**DATA SUPPLIED:**
-------------------------
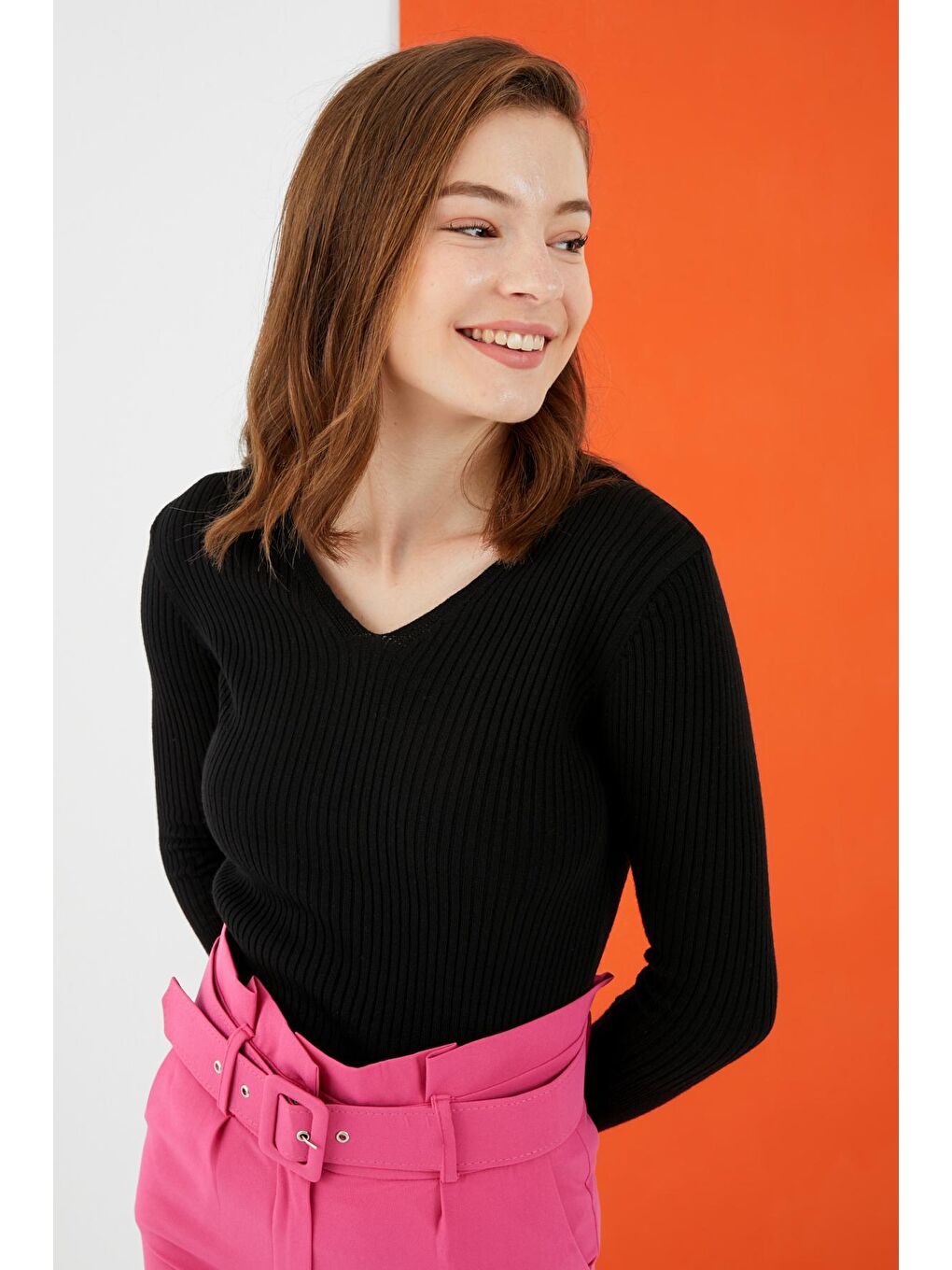 Siyah V Yaka Fitilli Dar Kalıp Basic Kazak-2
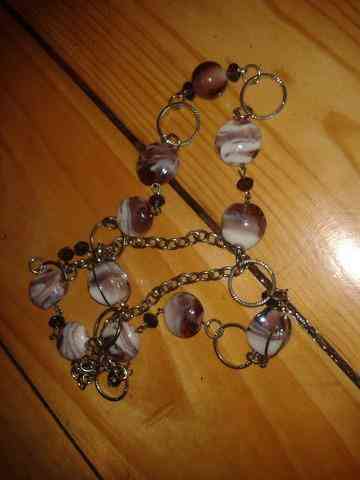 Collar con piedrecitas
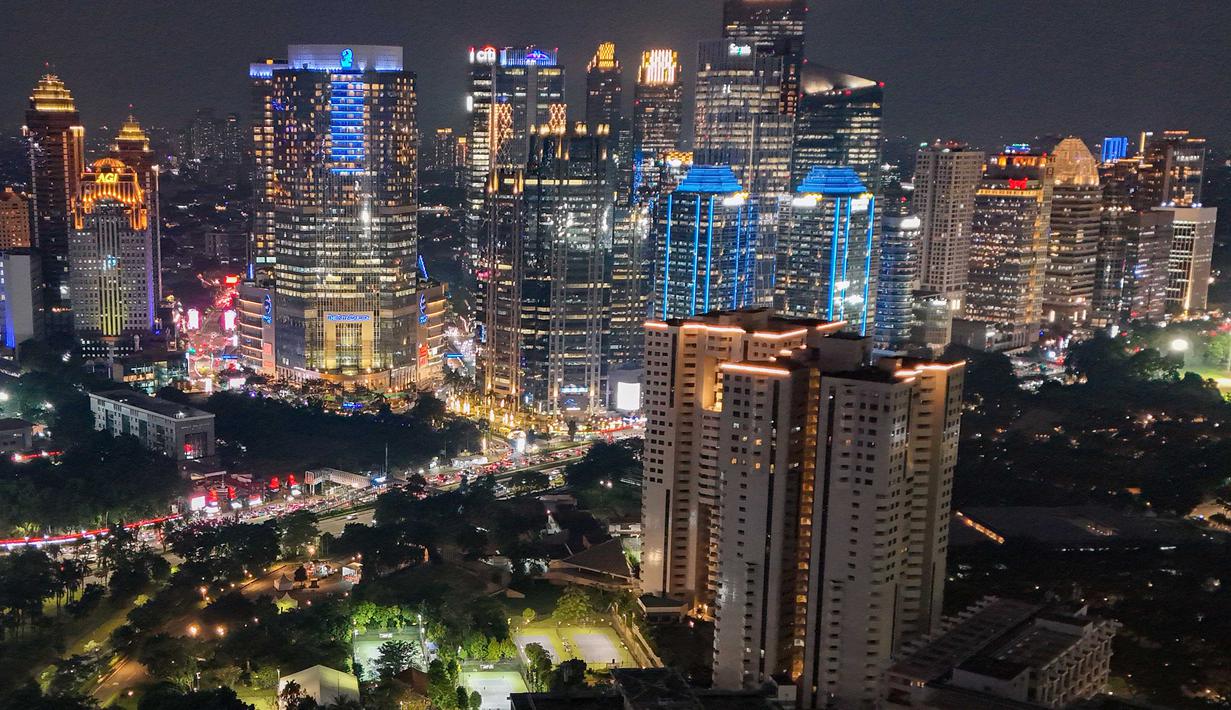 Sebagai informasi, rencana pemasangan serta pemantauan terintegrasi lewat CCTV ini juga akan menjangkau hingga seluruh wilayah kelurahan serta kawasan permukiman yang ada di Jakarta. Tampak foto udara memperlihatkan suasana malam gedung-gedung bertingkat di kawasan Sudirman, Jakarta, Selasa (7/4/2026). (merdeka.com/Arie Basuki)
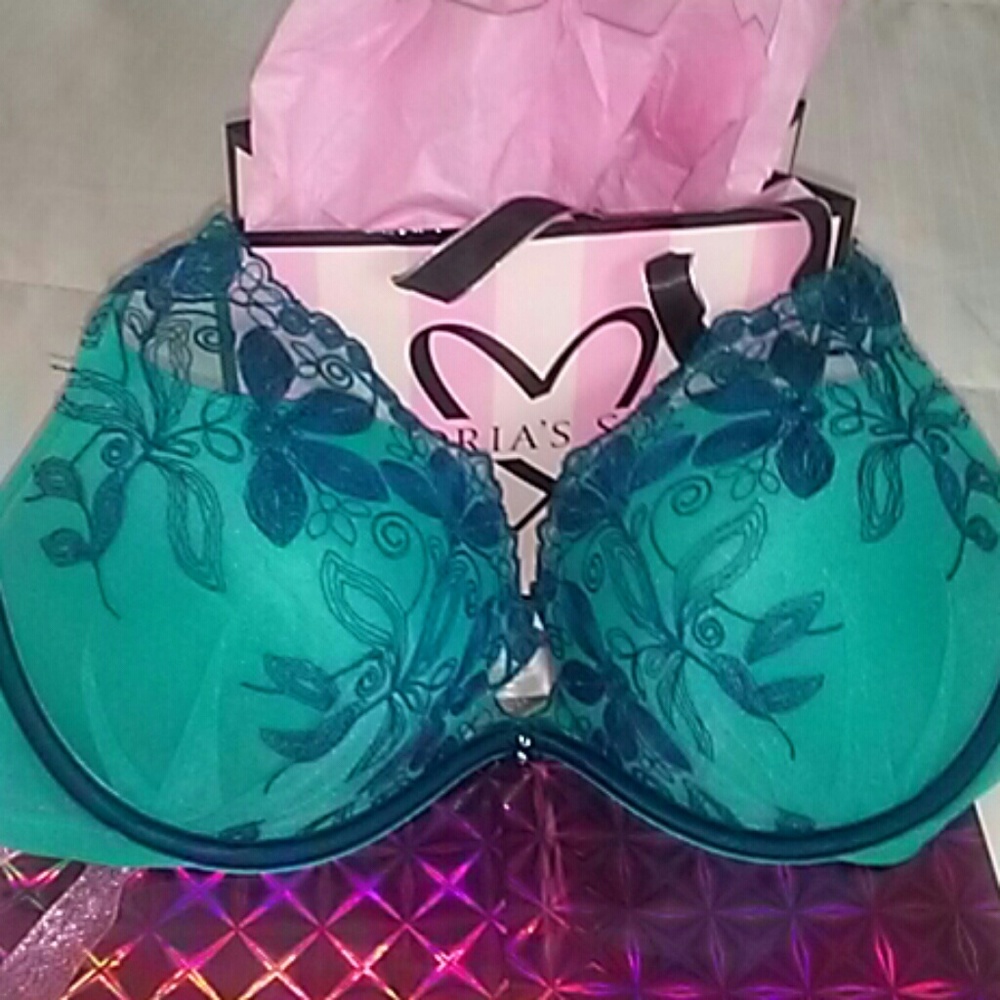 💋Victoria's secret Very sexy plunge bra 36D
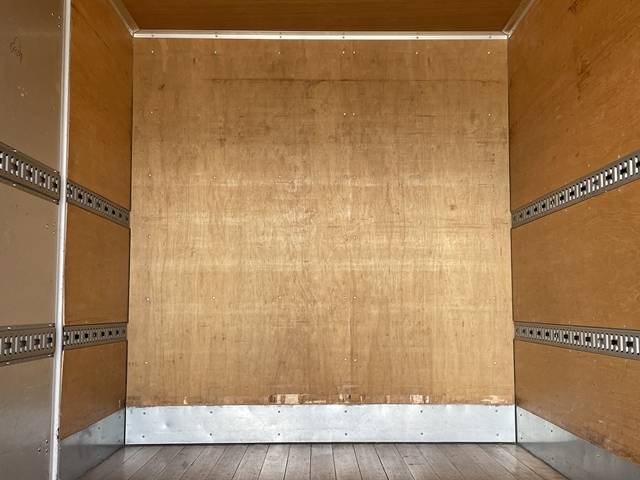 三菱ふそうキャンターアルミバン小型（2t・3t）[写真14]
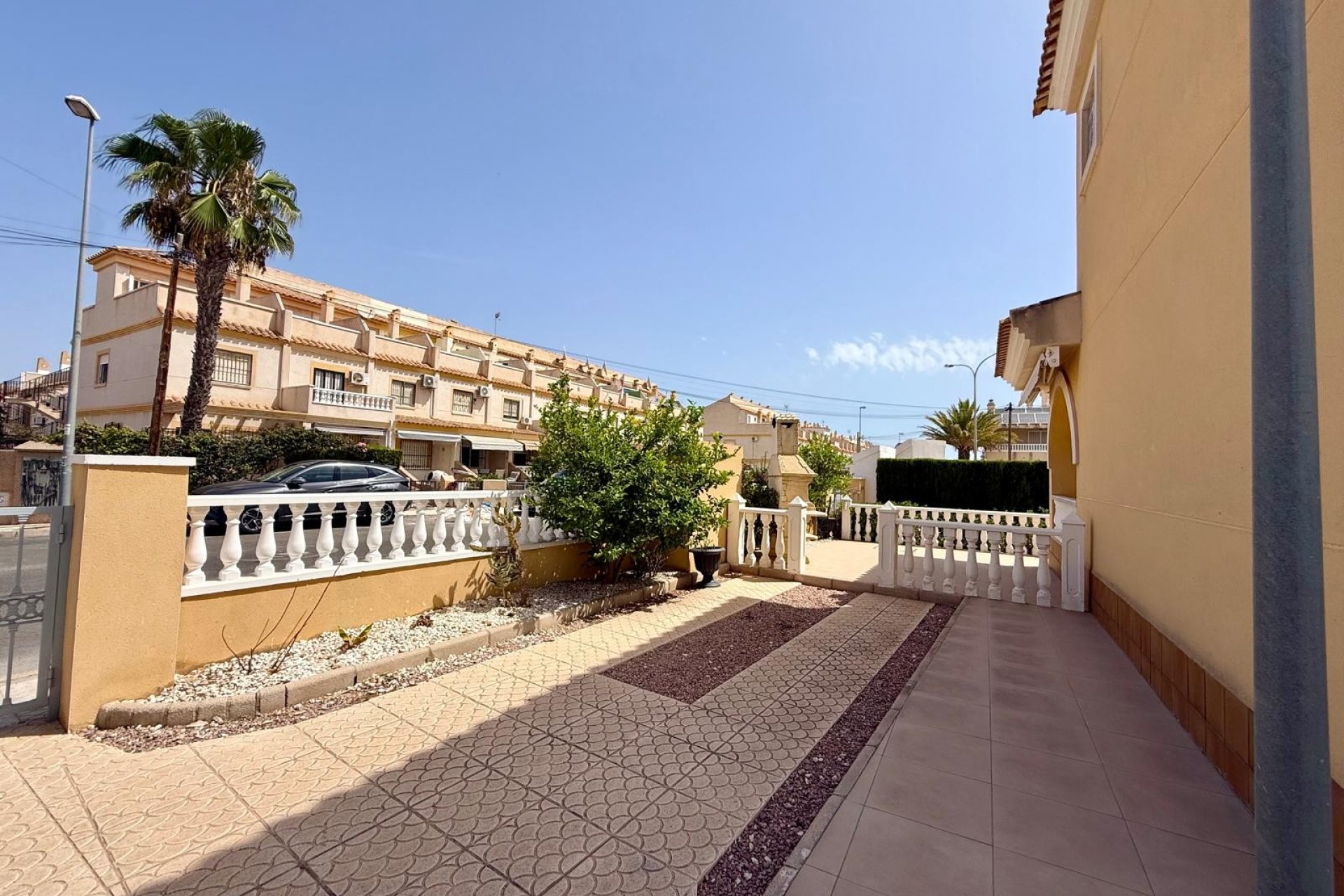 Återförsäljning - Villa -
Orihuela Costa - Villamartin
-------------------------
Copy exactly the lines from the one containing "三菱ふそうキャンターアルミバン小型（2t・3t）[写真14]" through the last line of the records above, including both, and omit every picture.

**THE ANSWER:**
 三菱ふそうキャンターアルミバン小型（2t・3t）[写真14]
 Återförsäljning - Villa -
Orihuela Costa - Villamartin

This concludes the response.